When they first began the school, men from their villages came to take the girls back by force so that they could still have devadasis. The men threatened David and the employees. They did not manage to scale the fences, but they did not leave without terrifying the children or the staff.

When asked how he and the staff were able to keep going in such conditions, how they were able to face the threat that these men posed, or how they could tirelessly resist the opposition of their neighbors or other people in the city who did not want a school that brought such dangers with it in their neighborhood, David responded, “Much of what we do here is risky, but we do it to affirm life. My Lord, Jesus, suffers with and among people, and so will I.”

If we are truly to follow Jesus down the mountain and into the valley where the cross is, then we will enter into the suffering and pain of others, and it will involve risk.

We may never bear the kind of risk that David does, nor will we likely be stoned to death or crucified like the disciples, but make no mistake: if we enter into the suffering of others, if we dwell with them, listen to them rather than try to fix them our way, if we open ourselves to feeling their pain, then it will be difficult. We will not be left unscathed.

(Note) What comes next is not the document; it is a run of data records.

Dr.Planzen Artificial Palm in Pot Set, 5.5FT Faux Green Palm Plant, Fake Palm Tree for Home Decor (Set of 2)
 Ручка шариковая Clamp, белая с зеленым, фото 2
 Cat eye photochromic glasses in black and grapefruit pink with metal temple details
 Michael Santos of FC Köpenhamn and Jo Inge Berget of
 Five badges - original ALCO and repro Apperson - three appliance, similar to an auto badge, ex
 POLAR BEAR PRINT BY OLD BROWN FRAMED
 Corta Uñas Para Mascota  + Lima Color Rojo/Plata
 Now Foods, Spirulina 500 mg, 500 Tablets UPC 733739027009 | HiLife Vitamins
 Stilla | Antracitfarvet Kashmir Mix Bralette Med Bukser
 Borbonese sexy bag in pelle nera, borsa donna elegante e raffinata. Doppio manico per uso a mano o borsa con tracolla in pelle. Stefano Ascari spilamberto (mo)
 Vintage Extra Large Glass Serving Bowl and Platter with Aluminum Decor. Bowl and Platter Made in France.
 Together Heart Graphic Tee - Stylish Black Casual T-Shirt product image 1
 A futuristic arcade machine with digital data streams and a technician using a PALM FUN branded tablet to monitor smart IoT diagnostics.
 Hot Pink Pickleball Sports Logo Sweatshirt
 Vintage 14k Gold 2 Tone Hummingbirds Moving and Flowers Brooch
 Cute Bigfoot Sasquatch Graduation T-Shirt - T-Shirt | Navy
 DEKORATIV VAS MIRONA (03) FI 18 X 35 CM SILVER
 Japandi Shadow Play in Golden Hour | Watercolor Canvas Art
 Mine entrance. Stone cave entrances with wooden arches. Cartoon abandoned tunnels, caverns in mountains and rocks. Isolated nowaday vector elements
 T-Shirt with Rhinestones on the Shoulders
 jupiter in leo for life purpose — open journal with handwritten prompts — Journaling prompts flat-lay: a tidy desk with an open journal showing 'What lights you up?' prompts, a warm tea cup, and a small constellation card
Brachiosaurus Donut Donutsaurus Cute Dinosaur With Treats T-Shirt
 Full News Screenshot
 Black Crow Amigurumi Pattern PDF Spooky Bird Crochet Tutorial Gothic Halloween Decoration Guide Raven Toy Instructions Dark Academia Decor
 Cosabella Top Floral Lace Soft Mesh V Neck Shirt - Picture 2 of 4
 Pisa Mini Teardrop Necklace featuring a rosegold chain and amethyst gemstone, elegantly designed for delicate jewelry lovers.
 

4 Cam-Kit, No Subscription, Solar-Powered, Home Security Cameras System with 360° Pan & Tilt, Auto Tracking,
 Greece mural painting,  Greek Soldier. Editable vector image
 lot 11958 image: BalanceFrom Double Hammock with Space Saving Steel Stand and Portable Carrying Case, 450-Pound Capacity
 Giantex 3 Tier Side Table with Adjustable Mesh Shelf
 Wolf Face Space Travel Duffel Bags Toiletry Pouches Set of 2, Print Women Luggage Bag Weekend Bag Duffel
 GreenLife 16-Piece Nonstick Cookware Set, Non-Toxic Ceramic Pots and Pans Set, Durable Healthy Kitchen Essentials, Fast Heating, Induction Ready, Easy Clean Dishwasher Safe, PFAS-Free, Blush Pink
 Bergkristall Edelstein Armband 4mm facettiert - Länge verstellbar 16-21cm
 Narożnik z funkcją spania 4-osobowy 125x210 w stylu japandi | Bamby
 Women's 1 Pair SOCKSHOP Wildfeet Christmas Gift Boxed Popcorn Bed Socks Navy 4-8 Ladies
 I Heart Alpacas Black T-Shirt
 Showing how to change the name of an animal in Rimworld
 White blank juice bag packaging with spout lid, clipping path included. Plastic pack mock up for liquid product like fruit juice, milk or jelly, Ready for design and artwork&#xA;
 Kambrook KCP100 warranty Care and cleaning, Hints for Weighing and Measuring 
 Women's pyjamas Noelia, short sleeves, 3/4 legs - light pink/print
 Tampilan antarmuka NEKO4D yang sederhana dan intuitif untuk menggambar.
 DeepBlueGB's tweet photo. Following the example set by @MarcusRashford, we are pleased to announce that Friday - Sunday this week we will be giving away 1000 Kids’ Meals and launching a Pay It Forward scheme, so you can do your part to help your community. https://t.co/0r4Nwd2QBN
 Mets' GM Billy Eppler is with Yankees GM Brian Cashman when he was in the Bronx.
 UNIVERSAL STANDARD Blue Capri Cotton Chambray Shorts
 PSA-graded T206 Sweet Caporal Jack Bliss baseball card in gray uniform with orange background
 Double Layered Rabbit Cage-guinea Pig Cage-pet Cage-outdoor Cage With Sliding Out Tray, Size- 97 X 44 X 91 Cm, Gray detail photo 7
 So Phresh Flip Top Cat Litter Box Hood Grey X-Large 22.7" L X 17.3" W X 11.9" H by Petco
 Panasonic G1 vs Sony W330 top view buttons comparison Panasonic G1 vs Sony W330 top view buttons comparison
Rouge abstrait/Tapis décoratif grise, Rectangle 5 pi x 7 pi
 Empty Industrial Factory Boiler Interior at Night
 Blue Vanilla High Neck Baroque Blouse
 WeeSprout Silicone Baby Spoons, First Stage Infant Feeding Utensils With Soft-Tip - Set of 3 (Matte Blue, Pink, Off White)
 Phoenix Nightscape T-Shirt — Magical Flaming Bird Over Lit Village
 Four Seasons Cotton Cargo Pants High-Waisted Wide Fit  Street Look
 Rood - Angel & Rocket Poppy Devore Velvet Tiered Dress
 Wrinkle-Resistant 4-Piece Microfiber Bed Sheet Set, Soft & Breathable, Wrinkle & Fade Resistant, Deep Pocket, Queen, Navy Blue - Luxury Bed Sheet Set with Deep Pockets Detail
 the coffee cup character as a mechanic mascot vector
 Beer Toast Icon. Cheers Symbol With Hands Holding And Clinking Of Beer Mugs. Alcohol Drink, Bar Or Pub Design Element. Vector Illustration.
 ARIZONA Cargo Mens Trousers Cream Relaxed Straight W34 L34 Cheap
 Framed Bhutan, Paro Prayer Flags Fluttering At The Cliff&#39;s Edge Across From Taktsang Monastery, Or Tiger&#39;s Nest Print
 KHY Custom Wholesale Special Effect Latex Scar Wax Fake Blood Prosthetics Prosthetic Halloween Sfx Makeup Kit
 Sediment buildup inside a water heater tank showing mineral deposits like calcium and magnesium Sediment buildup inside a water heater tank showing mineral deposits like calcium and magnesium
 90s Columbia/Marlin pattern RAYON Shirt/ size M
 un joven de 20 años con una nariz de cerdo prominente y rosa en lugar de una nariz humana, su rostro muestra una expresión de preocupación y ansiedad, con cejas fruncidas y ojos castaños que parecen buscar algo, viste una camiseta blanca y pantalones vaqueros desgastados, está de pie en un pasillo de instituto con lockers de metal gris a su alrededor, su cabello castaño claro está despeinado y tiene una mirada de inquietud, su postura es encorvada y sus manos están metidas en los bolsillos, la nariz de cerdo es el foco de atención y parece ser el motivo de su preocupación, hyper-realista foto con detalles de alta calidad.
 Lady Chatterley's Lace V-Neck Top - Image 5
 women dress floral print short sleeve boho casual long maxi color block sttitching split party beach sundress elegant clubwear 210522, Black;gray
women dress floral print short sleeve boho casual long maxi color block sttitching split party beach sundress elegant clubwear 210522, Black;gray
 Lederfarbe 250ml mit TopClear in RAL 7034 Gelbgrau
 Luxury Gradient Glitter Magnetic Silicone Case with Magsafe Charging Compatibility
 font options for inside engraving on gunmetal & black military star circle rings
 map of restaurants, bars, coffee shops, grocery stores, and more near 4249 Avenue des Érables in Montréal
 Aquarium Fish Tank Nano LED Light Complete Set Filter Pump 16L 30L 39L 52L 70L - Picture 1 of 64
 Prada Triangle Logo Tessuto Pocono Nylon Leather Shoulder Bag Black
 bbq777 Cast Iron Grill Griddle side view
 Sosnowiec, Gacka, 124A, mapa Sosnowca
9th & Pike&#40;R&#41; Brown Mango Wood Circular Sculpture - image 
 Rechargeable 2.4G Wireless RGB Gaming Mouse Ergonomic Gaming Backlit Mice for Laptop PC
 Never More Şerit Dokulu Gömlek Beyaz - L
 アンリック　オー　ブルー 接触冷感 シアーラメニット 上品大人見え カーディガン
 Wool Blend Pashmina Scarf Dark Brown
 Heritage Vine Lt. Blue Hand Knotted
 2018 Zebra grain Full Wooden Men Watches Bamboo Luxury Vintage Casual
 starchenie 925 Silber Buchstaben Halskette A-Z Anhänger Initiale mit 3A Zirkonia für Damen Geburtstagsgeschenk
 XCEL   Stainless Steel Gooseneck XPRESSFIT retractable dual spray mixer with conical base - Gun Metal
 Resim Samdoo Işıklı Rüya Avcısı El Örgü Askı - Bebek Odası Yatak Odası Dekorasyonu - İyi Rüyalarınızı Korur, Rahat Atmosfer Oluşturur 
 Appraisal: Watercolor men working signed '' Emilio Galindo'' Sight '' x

We are not strangers to suffering or injustice.

We know that there is poverty, abuse, and discrimination in our own society; it is not unique to India. We know the stories of loss in our own lives—the suffering friends, the chronic illness, the change from the way that life used to be,  the death of a loved one, the job that has ended, the relationship that seems beyond the point of healing.

The question before us is this: will we risk the price of going down into these valleys with Jesus, of following him into this suffering? Will we hold onto our fear, or will we trust that the Triune God has something to say and something to do in the valley? Will we avoid these places of pain in our lives and the lives of those around us, or will we go where we have been sent?

David was sent to the children trapped in the devadasi system, but if you ask him, he will tell you that they were sent to him, for they have taught him to forgive and to love like Christ. It has not been without costs, but now there is freedom where there was slavery, joy where there was fear, healing where there was pain, and hope and a future where there was only death.

Will the journey ahead of us be easy? No.

Safe? Probably not.

But will we encounter the Triune God bringing healing, transformation, and life? Most definitely.

God the Father has claimed you. Christ is with you. The Holy Spirit is transforming you. So get up, Beloved, go, and do not be afraid.